JDBC for SQL Server - Herong's Tutorial Examples - v3.12, by Herong Yang
JDBC Driver Types
This section provides some quick information about different types of JDBC drivers.
JDBC drivers can be implemented in 4 ways. So JDBC drivers are divided into 4 types:
JDBC Type 1: JDBC-ODBC Bridge plus ODBC Driver. See the left side of the first picture shown below. This combination provides JDBC access via ODBC drivers. ODBC binary code, and in many cases, database client code, must be loaded on each client machine that uses a JDBC-ODBC Bridge. Sun provides a JDBC-ODBC Bridge driver, which is appropriate for experimental use and for situations in which no other driver is available.
JDBC Type 2: A native API partly Java technology-enabled driver. See the right side of the first picture shown below. This type of driver converts JDBC calls into calls on the client API for Oracle, Sybase, Informix, DB2, or other DBMS. Note that, like the bridge driver, this style of driver requires that some binary code be loaded on each client machine.
Below is an integration diagram of JDBC Type 1 and 2:
JDBC Type 3: Pure Java Driver for Database Middleware. See the right side of the second picture shown below. This style of driver translates JDBC calls into the middleware vendor's protocol, which is then translated to a DBMS protocol by a middleware server. The middleware provides connectivity to many different databases.

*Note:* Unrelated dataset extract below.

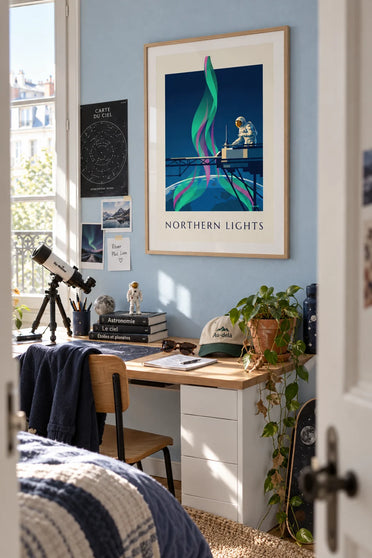 Poster of the northern lights seen from space by an astronaut: framed on the wall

JDBC Type 4: Direct-to-Database Pure Java Driver. See the left side of the second picture shown below. This style of driver converts JDBC calls into the network protocol used directly by DBMSs, allowing a direct call from the client machine to the DBMS server and providing a practical solution for intranet access. For example, Microsoft JDBC Driver 1.0 is a Type 4 JDBC driver.